It jumps to the 1st day of CNY, we always go to the other grandma house, she get to know him and asks this that, like usual so kepo. Boring sit inside, me and him walk out and let him see the rail train that is in front of the house. I also see my dad’s sister and family. My uncle back to Medan too, and my auntie comes. Mm well, I think he sees almost all of my family. Then I thought of what food to eat and where. Got Ateng kuetiaw to Kalimantan Misop and kue - kue to Sate padang near my house to GuBakWan to Nasi Lemak which is different from here to Nasi Padang but I scare he can’t tahan the spicy to so on. I’m so confuse which one to eat first cos of we just go back for like a week. Somemore no car to go out. Hmph.. Well, nvm, can walk to the plaza nearby and then Pasar Rame. Not to forget Sun Plaza, Merdeka Walk, Kesawan, Brastagi and Aha, Teh Botol. Ah ya, when breakfast I paksa him to drink it. LOl.. We go to Brastagi with my parents for a day only cos holiday is almost end, go to Mikie play, drink Tebu..I see I’m having gathering with my friends at Sun Plaza and he’s there also but then walk around the mall with my bro. Lots more….
It’s like a movie playing in my mind. I remember and see the place and those people clearly. It was so sweet until the logical side of me come out and remind me of money.

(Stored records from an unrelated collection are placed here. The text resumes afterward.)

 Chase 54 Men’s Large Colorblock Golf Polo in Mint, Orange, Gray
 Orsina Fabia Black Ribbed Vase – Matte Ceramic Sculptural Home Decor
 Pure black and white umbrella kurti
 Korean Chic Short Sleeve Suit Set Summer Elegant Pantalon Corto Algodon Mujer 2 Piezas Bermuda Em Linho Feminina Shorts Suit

Duh.. Hundred bucks for flight fare and we are not financially independent yet. Oh my.. Such a killing in my beautiful story. Hmph.. Then my mind wander to other places with different people and time already.

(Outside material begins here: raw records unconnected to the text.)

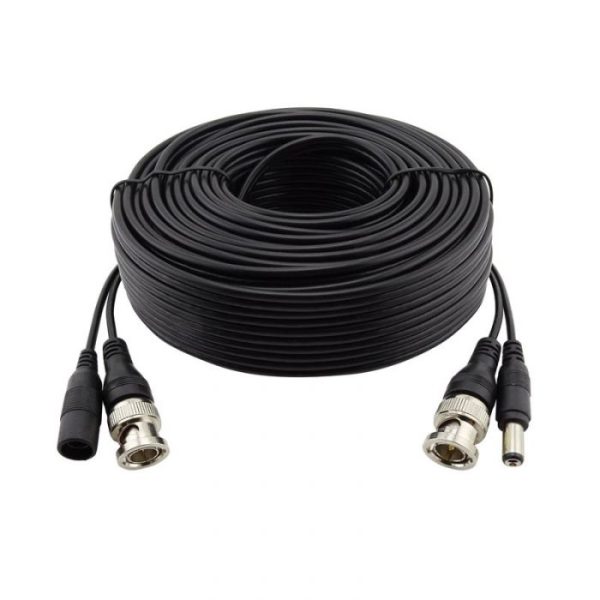 Premium Copper CCTV Video & Power Cable BNC+DC Black 30m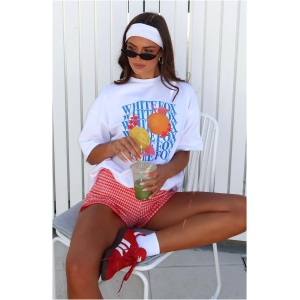 Oh So Sweet Oversized Tee White/Blue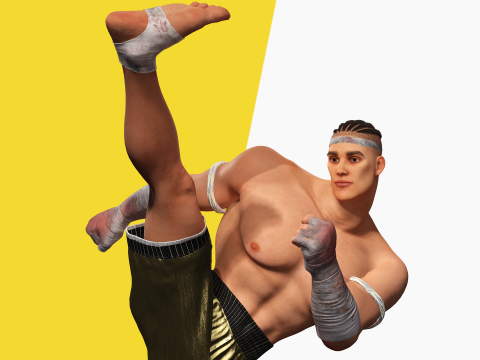Strong Warrior Rigged Toon Fighter Martial Modelo 3D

The fact that he just got his passport makes me think too much, I think. Muahaha.. Funny is, few days before, I got a dream about my boy go to Medan with me. We met so many people from my family to friends and I remember Sun Plaza is inside. It involve talking and interaction with people but I forget the exact thing. The next day in my dream, I stand in front of my house and realize that he isn’t there~! Where is he? And I (in the dream) realize that it’s impossible for him to be there without passport. I’m just dreaming. Yeah, dream in a dream. Hehe.. When I told him about this dream, he doesn’t have any plan to make passport yet, rite boy? That plan was totally surprising one.
Gonna see him in the next 24 hours. Hoho.. It’s 1am, my eyes feel so tired but I can’t sleep once I lay there. What the? Hmphh…

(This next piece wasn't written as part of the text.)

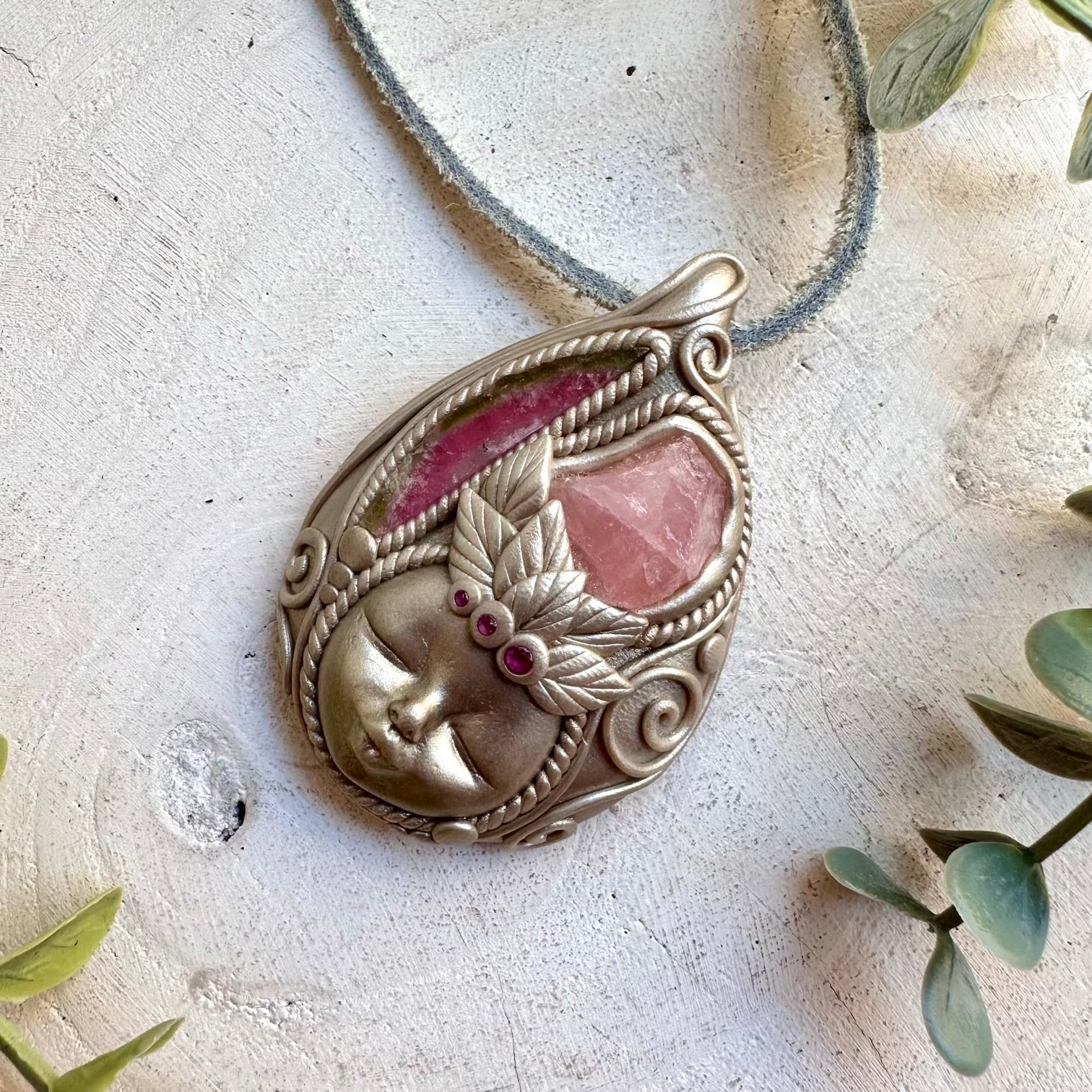 Raw Rose Quartz Goddess Necklace with Watermelon Tourmaline & Ruby – Heart Healing Crystal Jewelry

‘OverThin’ sleepless entry
Aiyer.. Not again.. Thought of sleep early before 12 but still awake now. How come I got problem with sleep ya? Lay on the bed for hours. From eyes close til it open by itself. My mind wandering from my bed to KL to Sibu to Medan to foods to 95% to my boy to family to friends to Chinese New Year 2007 to college to Ovaltine. My mind travels thru time and places and balik lagi to Ovaltine and Ovaltine.The world become Oval and thin already. Am OverThin. Zzz…
B i n g u n g
A m a t . s a n g a t . B i n g u n g . dengan positioning statement. Bingung mana yang tepat and supportnya. Sigh.. Padahal barusan I got the feeling already, the first time I feel like, Ah ya this is it! But then, lalang lagi. Oh no.. I think the more I talk and discuss with people, the more b i n g u n g I am. -__-”I don’t like go to bed with this ‘b i n g u n g’ status. Like sth isn’t accomplish yet. And later my mind still gonna work and having mental masturbation there. Syur sendiri gitu loh. Gerem. But.. ihh.. c u e k dulu la.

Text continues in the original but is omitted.